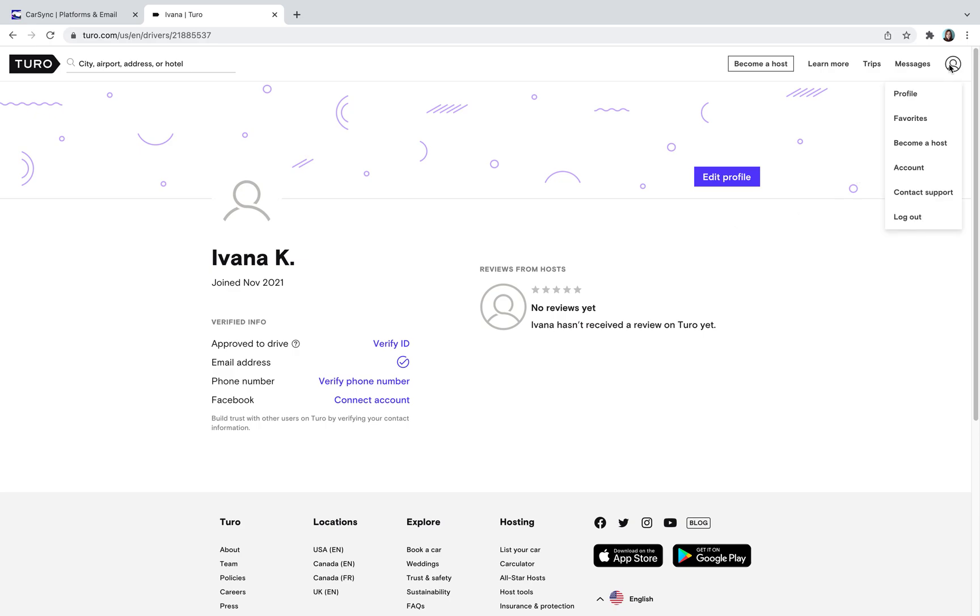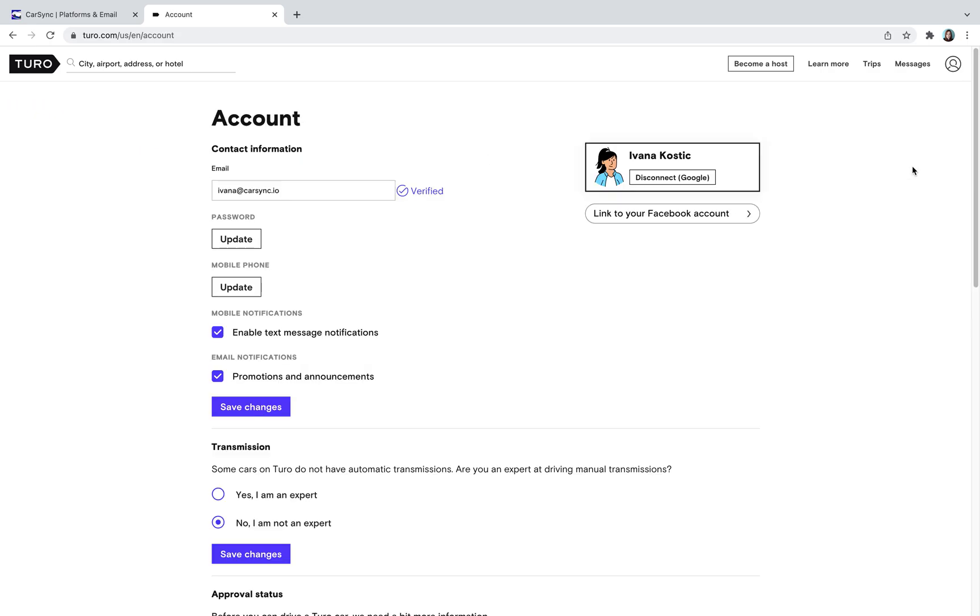Log into your Turo account. Go to your profile, account, contact information.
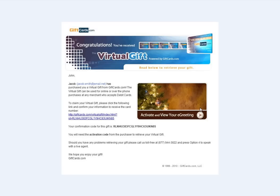To start, click the link in your email or copy and paste it into your browser. This will take you to giftcards.com.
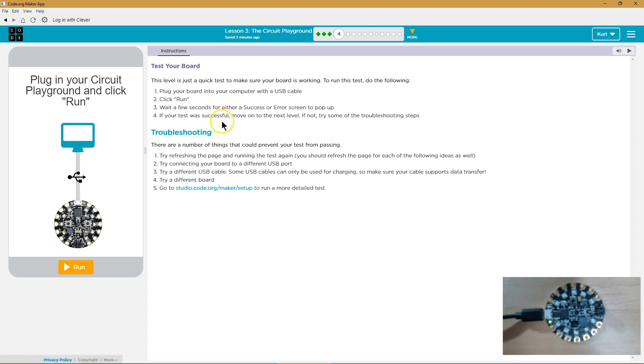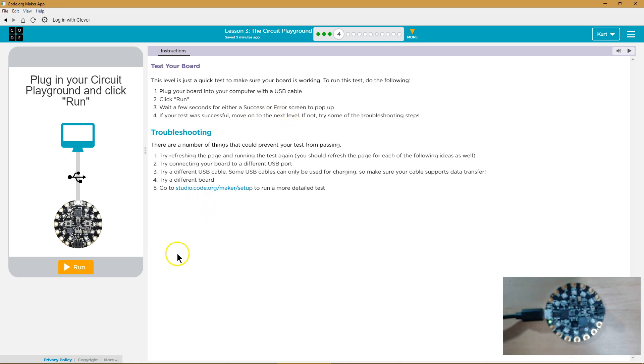Test your board. This level is just a quick test to make sure your board is working. That makes sense. To run this test, do the following: Plug your board into your computer with a USB cable, click run, wait a few seconds for either a success or error screen to pop up. OK.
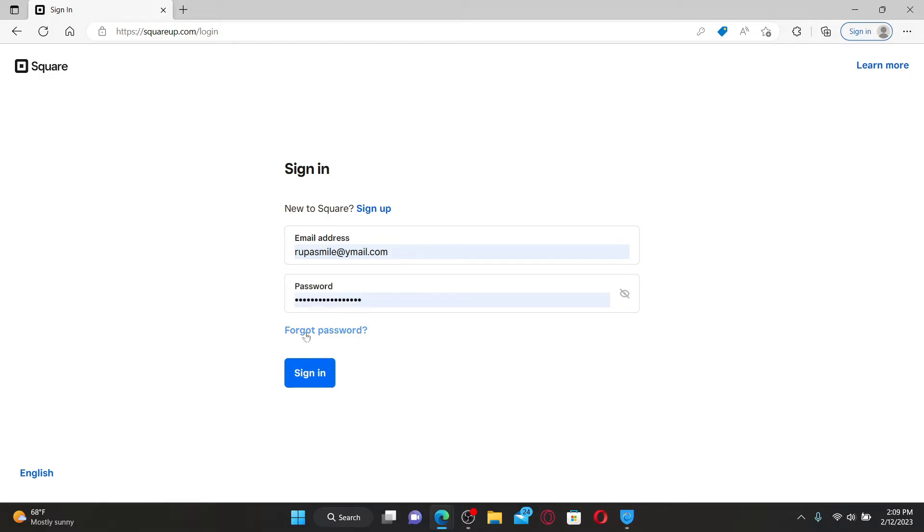If you don't remember your password, click on forgot password right under the password box and follow the instructions till the end to reset to a new password.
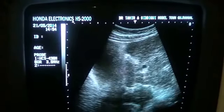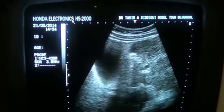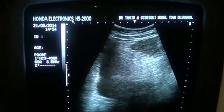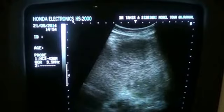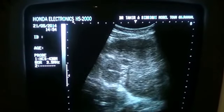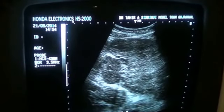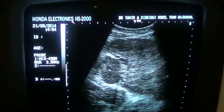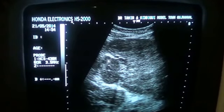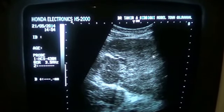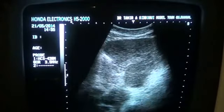This is the transverse section of the same liver. You will see that this is the region that is communicating. This is the caudate lobe, this is the focal lesion that we were seeing, and this is the left lobe of the liver in transverse section.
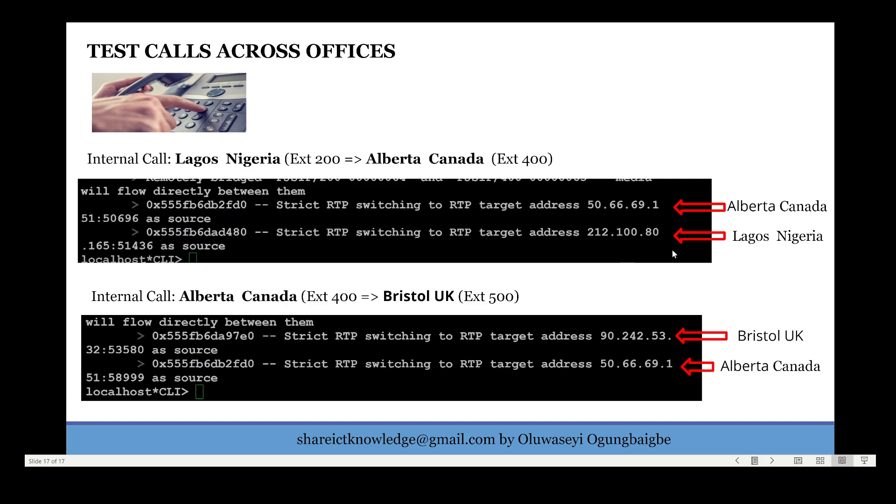Here is the IP address. Then also a call was placed from Canada to our UK office. As you can see, here is the IP address of the SIP clients in Canada, which is 50.66.69.151. So this is to show that the call actually came from those regions. I will still go ahead to show you further.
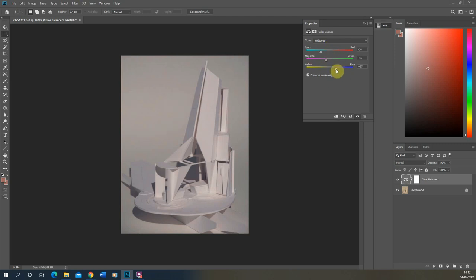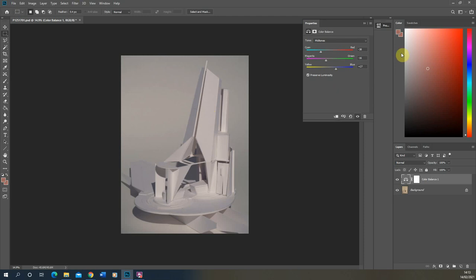I'm quite happy with that. We've got a nice bluer light to the image now — we've lost that yellow tone but we still have a nice contrast in the image. So that's the colour balance tool. You can also use it in reverse: if your image is too blue and you want to make it more yellow, you can do the reverse process to get those warmer colours back into your image.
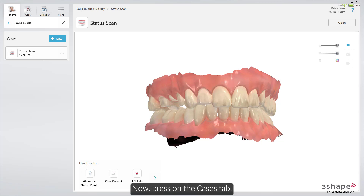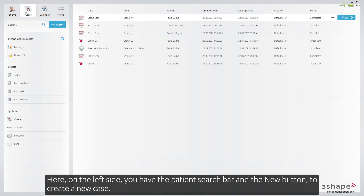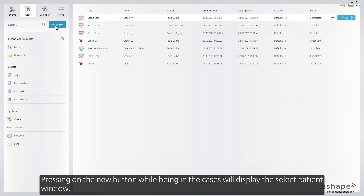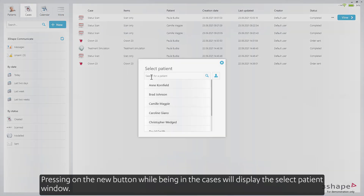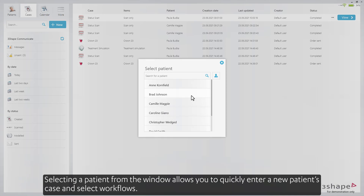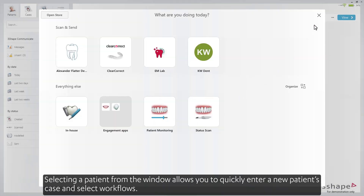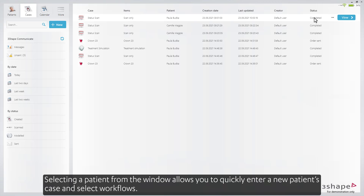Now, press on the Cases tab. Here, on the left side, you have the patient search bar and the New button to create a new case. Pressing the New button while being in the cases will display the Select Patient window. Selecting a patient from the window allows you to quickly enter a new patient's case and select workflows.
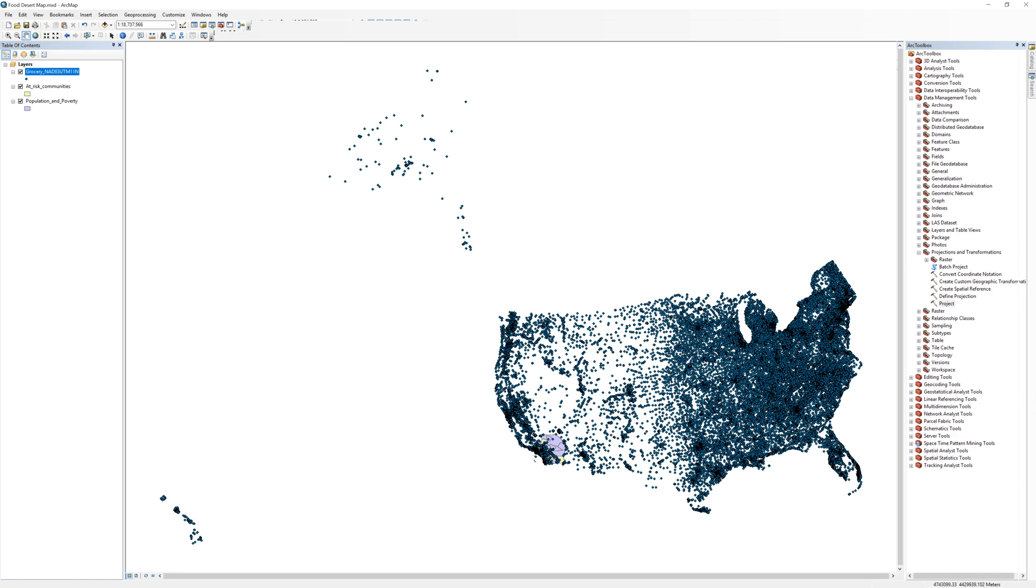As you can see, the projected GroceryStore layer contains tens of thousands of data points outside the study area. In the next video, you will learn how to make this dataset more manageable using the Clip tool.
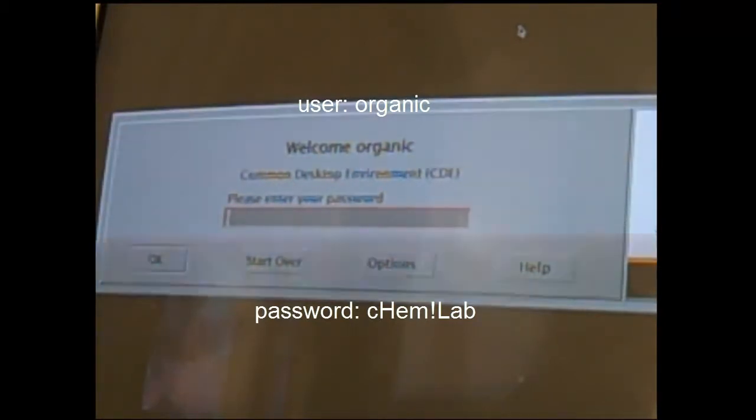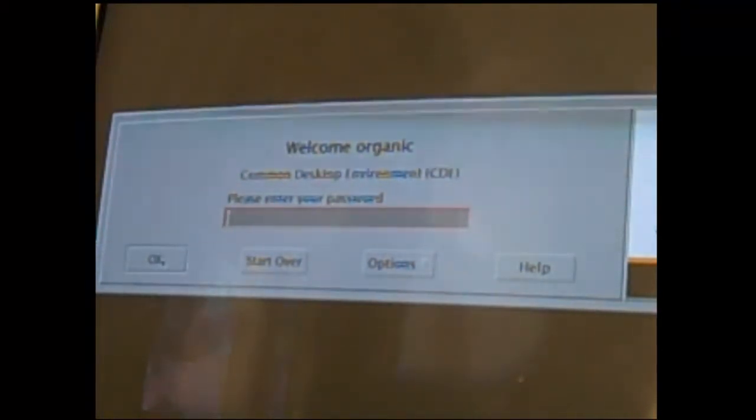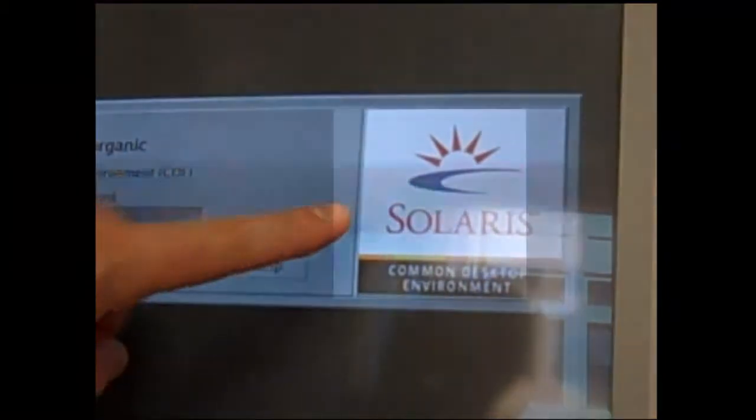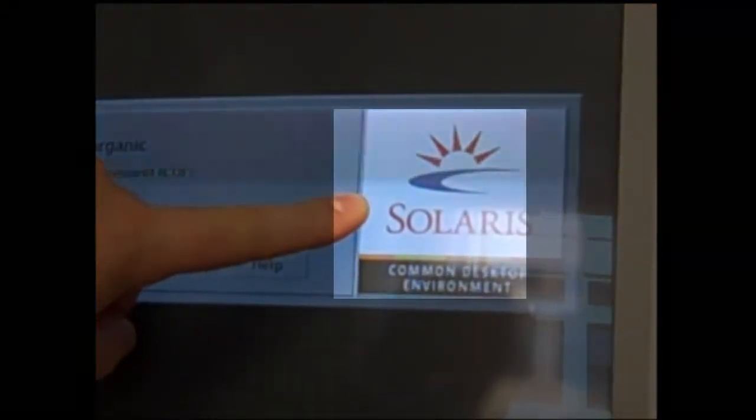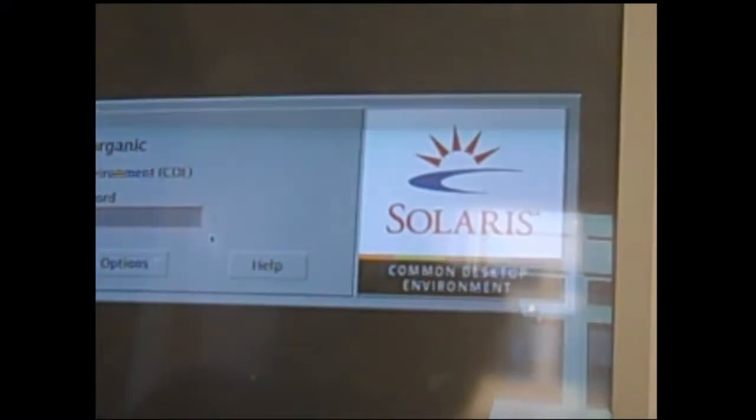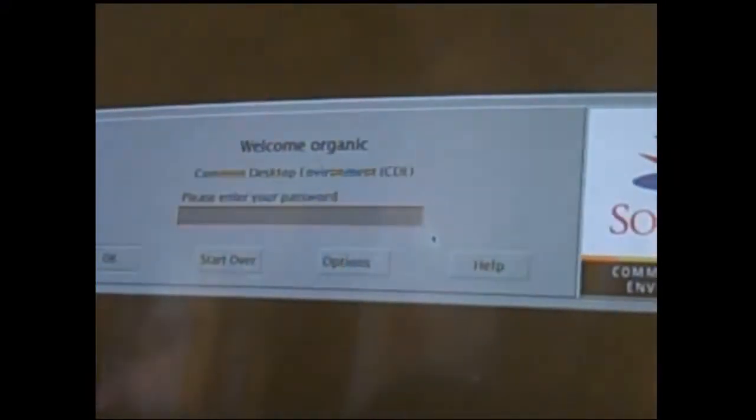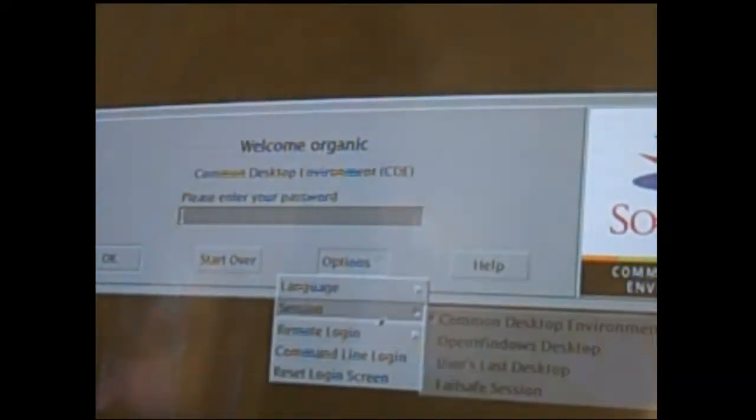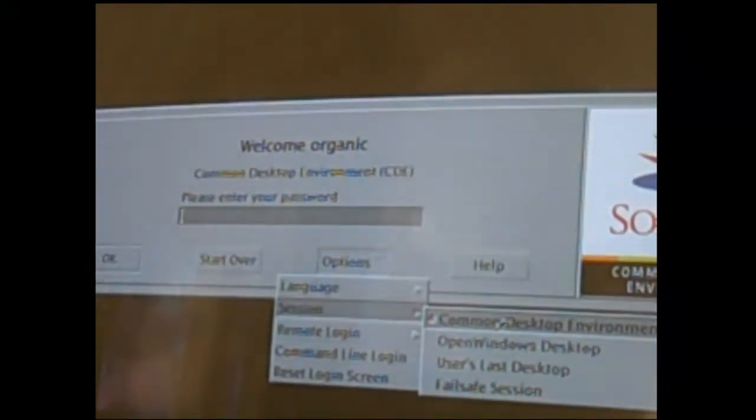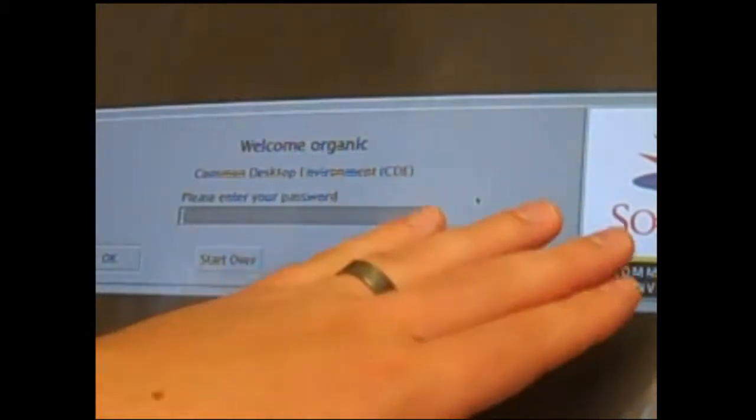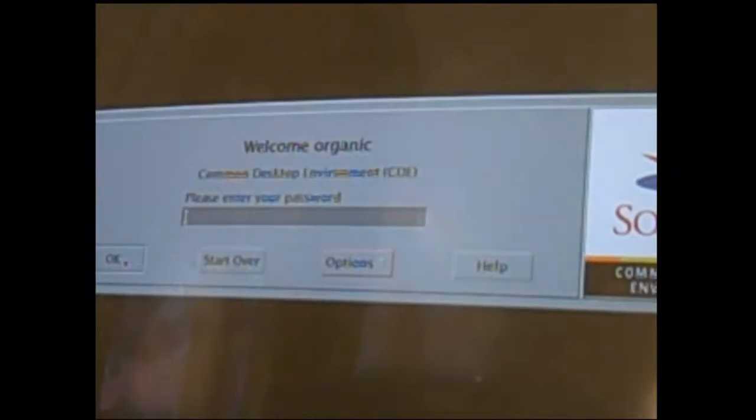As you're typing this you will not see the text appear on the screen, but after you've entered it you can click the OK button. Before moving off the screen, if you do not see the Solaris common desktop environment, make sure you go into the options menu and select session common desktop environment. Once your password is entered correctly, click OK.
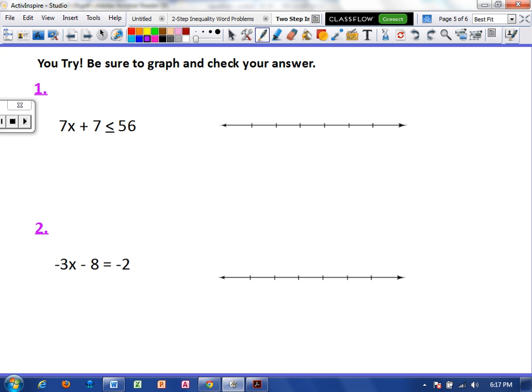Now it is time for you to try. Make sure that you graph and check your answer and show all of your work. We will see you next class day.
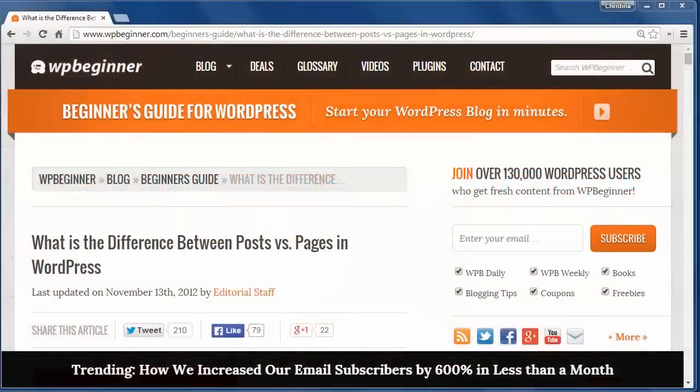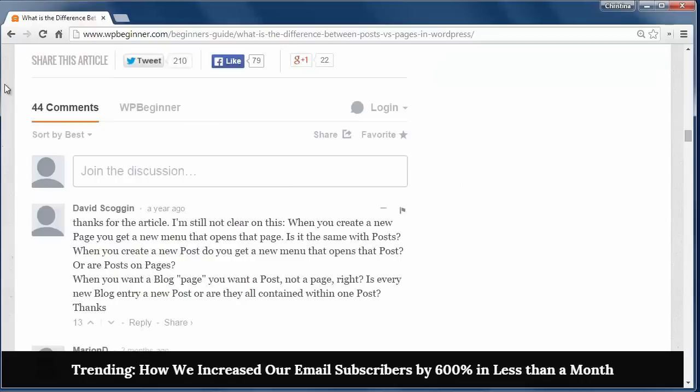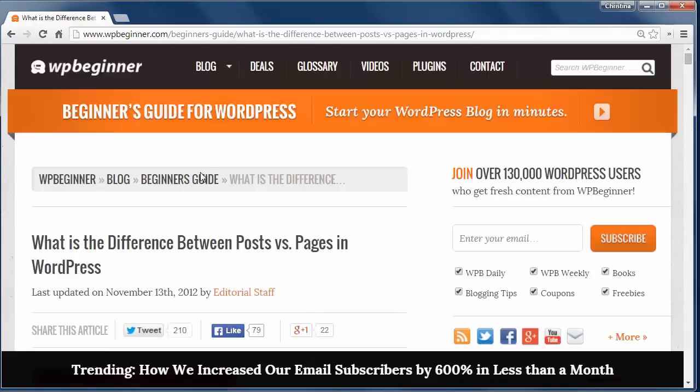Hey there and thanks for watching WPBeginner. Today we'll discuss the difference between posts and pages in WordPress. Posts are mainly used for blog entries where content is listed in reverse chronological order and published with timestamps. They're also syndicated through RSS feeds. Posts encourage conversation and have a commenting feature at the bottom of them.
__________________________________________________
## What you are asked to do:
Starting at the line above with "If you don't", output every line exactly up to and including the line with "This is the transverse", but none of the pictures.

## Result of this exercise:
If you don't remember your password, click on forgot password right under the password box and follow the instructions till the end to reset to a new password.
This is the transverse section of the same liver. You will see that this is the region that is communicating. This is the caudate lobe, this is the focal lesion that we were seeing, and this is the left lobe of the liver in transverse section.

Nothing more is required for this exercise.